Second level in the demo.

The actual gameplay has your standard jumping and platforming with a double jump (pressing B twice) being required to hurt enemies. But in addition, it has the paint and thinner mechanic from the Epic Mickey games. At certain points in the game, there will be objects you can interact with on the bottom screen. You will be able to form (by painting) an object, like a box to reach higher ground, or you can erase an object that is hindering you. You do this by painting the outline or erasing the object after tapping on it on the bottom screen. Once you enter paint/erase mode, the action on the top screen pauses. It was neat, but it could get a bit weary after the first few times. Still I personally had no problem with this repetitive aspect in the demo. You can also press A to shot paint or thinner at enemies. Later on, you also gain access to additional powers (like a floaty jump from Tinker Bell) through side quests (given to you by the characters you rescue). Some side quests are very easy to complete, others take a bit more effort.

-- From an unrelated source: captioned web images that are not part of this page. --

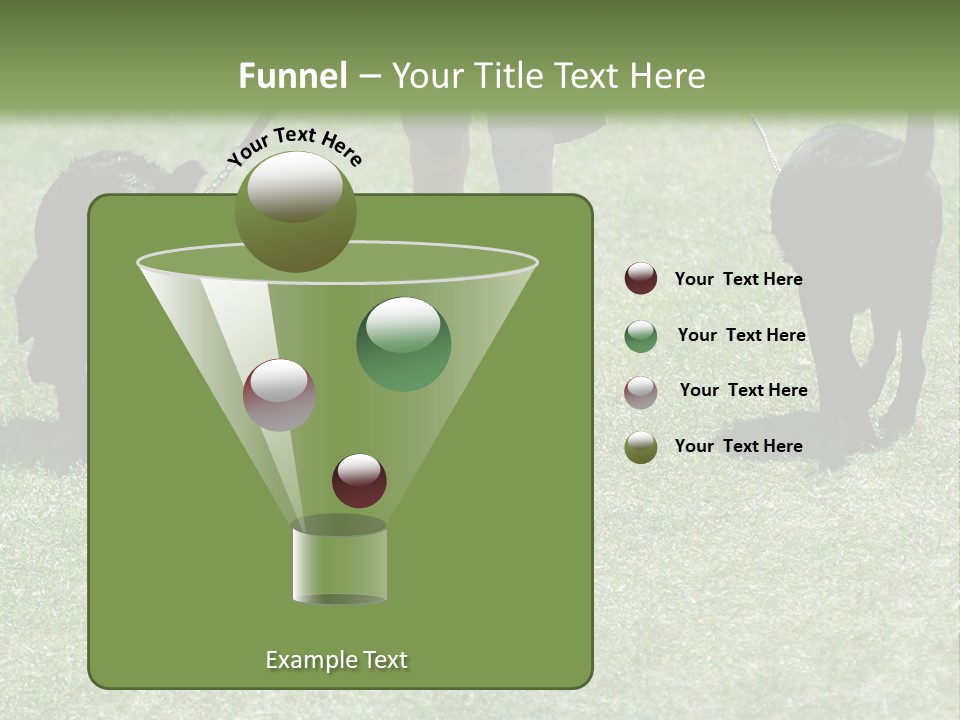 For A Walk PowerPoint Template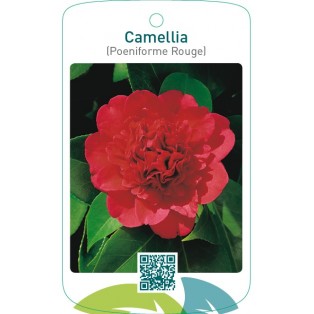 Camellia (Poeniforme Rouge)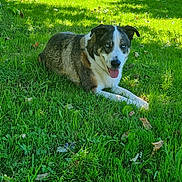 Pirate participe au concours pour gagner de l'argent avec cette photo : dog, grass, outdoor, pet, animal, canine, nature, sunlight, greenery, relaxed, tongue_out, blue_eyes, lying_down, happy, summer, daylight, mammal, fur, leaf, shade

All in all, the game wasn’t very difficult, but these are probably early levels. Also, if you want to do all the side quests, you do need to think a little about what powers to use and when since some characters and items are located in harder to reach places. It’s a very solid game if the demo is anything to go by and I think it will be a great platformer. It’s not as unique as I thought it would be (since the drawing mechanic has already been done in Drawn to Life), but regardless, I enjoyed it and will definitely be keeping an eye on the retail release. Being somewhat of a Disney fan as well, the Disney locations and characters were also a big plus in my books. It looks like I can finally pick up a licensed game again without worrying that it will be horrible. =)

Anyone else tried the demo? What did you think of it? Has anyone tried the first Epic Mickey game? How was it?